From start to end, print the entire listing below exactly.

:: DATA SECTION

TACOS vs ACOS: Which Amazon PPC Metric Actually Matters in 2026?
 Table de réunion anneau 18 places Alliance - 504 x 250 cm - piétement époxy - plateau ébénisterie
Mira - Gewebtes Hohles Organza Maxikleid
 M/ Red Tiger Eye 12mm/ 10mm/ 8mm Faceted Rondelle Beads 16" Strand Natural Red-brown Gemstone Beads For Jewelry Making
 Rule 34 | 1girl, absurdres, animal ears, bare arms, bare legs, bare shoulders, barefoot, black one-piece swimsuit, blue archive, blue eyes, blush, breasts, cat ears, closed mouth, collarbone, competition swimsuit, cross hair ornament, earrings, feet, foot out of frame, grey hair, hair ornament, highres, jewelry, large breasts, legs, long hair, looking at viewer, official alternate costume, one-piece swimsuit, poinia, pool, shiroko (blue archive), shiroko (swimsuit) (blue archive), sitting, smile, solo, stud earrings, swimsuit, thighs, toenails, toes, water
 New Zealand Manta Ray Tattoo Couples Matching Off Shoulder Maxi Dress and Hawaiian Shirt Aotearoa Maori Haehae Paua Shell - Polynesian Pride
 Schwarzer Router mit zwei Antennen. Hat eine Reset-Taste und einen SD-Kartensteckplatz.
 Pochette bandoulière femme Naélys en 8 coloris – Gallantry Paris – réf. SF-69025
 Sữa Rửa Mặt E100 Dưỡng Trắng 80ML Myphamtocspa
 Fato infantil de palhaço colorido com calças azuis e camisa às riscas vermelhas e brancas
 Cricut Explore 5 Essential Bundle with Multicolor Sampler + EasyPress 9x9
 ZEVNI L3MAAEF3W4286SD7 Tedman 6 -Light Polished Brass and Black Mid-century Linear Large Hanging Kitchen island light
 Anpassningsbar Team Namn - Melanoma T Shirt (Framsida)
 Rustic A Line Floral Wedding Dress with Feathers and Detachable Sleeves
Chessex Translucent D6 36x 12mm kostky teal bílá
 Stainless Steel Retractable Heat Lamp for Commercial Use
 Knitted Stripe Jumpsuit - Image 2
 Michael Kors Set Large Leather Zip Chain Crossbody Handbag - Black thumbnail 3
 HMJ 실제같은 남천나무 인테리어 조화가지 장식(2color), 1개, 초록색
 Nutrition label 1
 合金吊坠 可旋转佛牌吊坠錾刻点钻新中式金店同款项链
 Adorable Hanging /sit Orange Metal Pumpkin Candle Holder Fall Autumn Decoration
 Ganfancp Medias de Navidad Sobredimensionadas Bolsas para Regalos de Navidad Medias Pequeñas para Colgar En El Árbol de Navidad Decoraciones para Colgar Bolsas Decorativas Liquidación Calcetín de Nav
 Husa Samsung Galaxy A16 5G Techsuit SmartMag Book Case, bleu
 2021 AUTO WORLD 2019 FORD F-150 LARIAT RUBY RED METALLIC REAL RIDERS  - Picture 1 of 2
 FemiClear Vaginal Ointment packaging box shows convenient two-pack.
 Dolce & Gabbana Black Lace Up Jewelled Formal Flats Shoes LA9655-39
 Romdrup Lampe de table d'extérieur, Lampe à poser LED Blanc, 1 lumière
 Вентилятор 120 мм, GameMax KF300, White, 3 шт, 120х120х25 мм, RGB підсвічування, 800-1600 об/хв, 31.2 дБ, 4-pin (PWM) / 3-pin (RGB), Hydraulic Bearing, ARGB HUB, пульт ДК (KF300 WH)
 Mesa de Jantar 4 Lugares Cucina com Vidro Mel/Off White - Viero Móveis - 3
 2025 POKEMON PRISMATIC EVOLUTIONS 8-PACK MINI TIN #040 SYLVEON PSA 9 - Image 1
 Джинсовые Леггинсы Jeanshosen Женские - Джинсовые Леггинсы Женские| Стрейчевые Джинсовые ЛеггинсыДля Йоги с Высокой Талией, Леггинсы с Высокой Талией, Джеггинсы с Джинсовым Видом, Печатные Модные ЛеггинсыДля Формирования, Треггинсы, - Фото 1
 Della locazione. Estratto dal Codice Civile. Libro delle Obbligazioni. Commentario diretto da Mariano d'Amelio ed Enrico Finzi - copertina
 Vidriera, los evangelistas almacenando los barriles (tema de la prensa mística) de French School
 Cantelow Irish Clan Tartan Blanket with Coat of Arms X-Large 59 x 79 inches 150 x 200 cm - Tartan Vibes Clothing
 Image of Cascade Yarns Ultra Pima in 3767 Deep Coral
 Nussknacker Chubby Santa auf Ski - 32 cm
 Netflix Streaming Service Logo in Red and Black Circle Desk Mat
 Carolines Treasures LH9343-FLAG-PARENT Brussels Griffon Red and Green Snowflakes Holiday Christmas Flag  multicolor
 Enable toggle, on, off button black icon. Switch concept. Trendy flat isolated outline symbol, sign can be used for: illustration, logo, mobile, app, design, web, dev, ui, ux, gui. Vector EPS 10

::::

_EXERCISE ANSWER:_
TACOS vs ACOS: Which Amazon PPC Metric Actually Matters in 2026?
 Table de réunion anneau 18 places Alliance - 504 x 250 cm - piétement époxy - plateau ébénisterie
Mira - Gewebtes Hohles Organza Maxikleid
 M/ Red Tiger Eye 12mm/ 10mm/ 8mm Faceted Rondelle Beads 16" Strand Natural Red-brown Gemstone Beads For Jewelry Making
 Rule 34 | 1girl, absurdres, animal ears, bare arms, bare legs, bare shoulders, barefoot, black one-piece swimsuit, blue archive, blue eyes, blush, breasts, cat ears, closed mouth, collarbone, competition swimsuit, cross hair ornament, earrings, feet, foot out of frame, grey hair, hair ornament, highres, jewelry, large breasts, legs, long hair, looking at viewer, official alternate costume, one-piece swimsuit, poinia, pool, shiroko (blue archive), shiroko (swimsuit) (blue archive), sitting, smile, solo, stud earrings, swimsuit, thighs, toenails, toes, water
 New Zealand Manta Ray Tattoo Couples Matching Off Shoulder Maxi Dress and Hawaiian Shirt Aotearoa Maori Haehae Paua Shell - Polynesian Pride
 Schwarzer Router mit zwei Antennen. Hat eine Reset-Taste und einen SD-Kartensteckplatz.
 Pochette bandoulière femme Naélys en 8 coloris – Gallantry Paris – réf. SF-69025
 Sữa Rửa Mặt E100 Dưỡng Trắng 80ML Myphamtocspa
 Fato infantil de palhaço colorido com calças azuis e camisa às riscas vermelhas e brancas
 Cricut Explore 5 Essential Bundle with Multicolor Sampler + EasyPress 9x9
 ZEVNI L3MAAEF3W4286SD7 Tedman 6 -Light Polished Brass and Black Mid-century Linear Large Hanging Kitchen island light
 Anpassningsbar Team Namn - Melanoma T Shirt (Framsida)
 Rustic A Line Floral Wedding Dress with Feathers and Detachable Sleeves
Chessex Translucent D6 36x 12mm kostky teal bílá
 Stainless Steel Retractable Heat Lamp for Commercial Use
 Knitted Stripe Jumpsuit - Image 2
 Michael Kors Set Large Leather Zip Chain Crossbody Handbag - Black thumbnail 3
 HMJ 실제같은 남천나무 인테리어 조화가지 장식(2color), 1개, 초록색
 Nutrition label 1
 合金吊坠 可旋转佛牌吊坠錾刻点钻新中式金店同款项链
 Adorable Hanging /sit Orange Metal Pumpkin Candle Holder Fall Autumn Decoration
 Ganfancp Medias de Navidad Sobredimensionadas Bolsas para Regalos de Navidad Medias Pequeñas para Colgar En El Árbol de Navidad Decoraciones para Colgar Bolsas Decorativas Liquidación Calcetín de Nav
 Husa Samsung Galaxy A16 5G Techsuit SmartMag Book Case, bleu
 2021 AUTO WORLD 2019 FORD F-150 LARIAT RUBY RED METALLIC REAL RIDERS  - Picture 1 of 2
 FemiClear Vaginal Ointment packaging box shows convenient two-pack.
 Dolce & Gabbana Black Lace Up Jewelled Formal Flats Shoes LA9655-39
 Romdrup Lampe de table d'extérieur, Lampe à poser LED Blanc, 1 lumière
 Вентилятор 120 мм, GameMax KF300, White, 3 шт, 120х120х25 мм, RGB підсвічування, 800-1600 об/хв, 31.2 дБ, 4-pin (PWM) / 3-pin (RGB), Hydraulic Bearing, ARGB HUB, пульт ДК (KF300 WH)
 Mesa de Jantar 4 Lugares Cucina com Vidro Mel/Off White - Viero Móveis - 3
 2025 POKEMON PRISMATIC EVOLUTIONS 8-PACK MINI TIN #040 SYLVEON PSA 9 - Image 1
 Джинсовые Леггинсы Jeanshosen Женские - Джинсовые Леггинсы Женские| Стрейчевые Джинсовые ЛеггинсыДля Йоги с Высокой Талией, Леггинсы с Высокой Талией, Джеггинсы с Джинсовым Видом, Печатные Модные ЛеггинсыДля Формирования, Треггинсы, - Фото 1
 Della locazione. Estratto dal Codice Civile. Libro delle Obbligazioni. Commentario diretto da Mariano d'Amelio ed Enrico Finzi - copertina
 Vidriera, los evangelistas almacenando los barriles (tema de la prensa mística) de French School
 Cantelow Irish Clan Tartan Blanket with Coat of Arms X-Large 59 x 79 inches 150 x 200 cm - Tartan Vibes Clothing
 Image of Cascade Yarns Ultra Pima in 3767 Deep Coral
 Nussknacker Chubby Santa auf Ski - 32 cm
 Netflix Streaming Service Logo in Red and Black Circle Desk Mat
 Carolines Treasures LH9343-FLAG-PARENT Brussels Griffon Red and Green Snowflakes Holiday Christmas Flag  multicolor
 Enable toggle, on, off button black icon. Switch concept. Trendy flat isolated outline symbol, sign can be used for: illustration, logo, mobile, app, design, web, dev, ui, ux, gui. Vector EPS 10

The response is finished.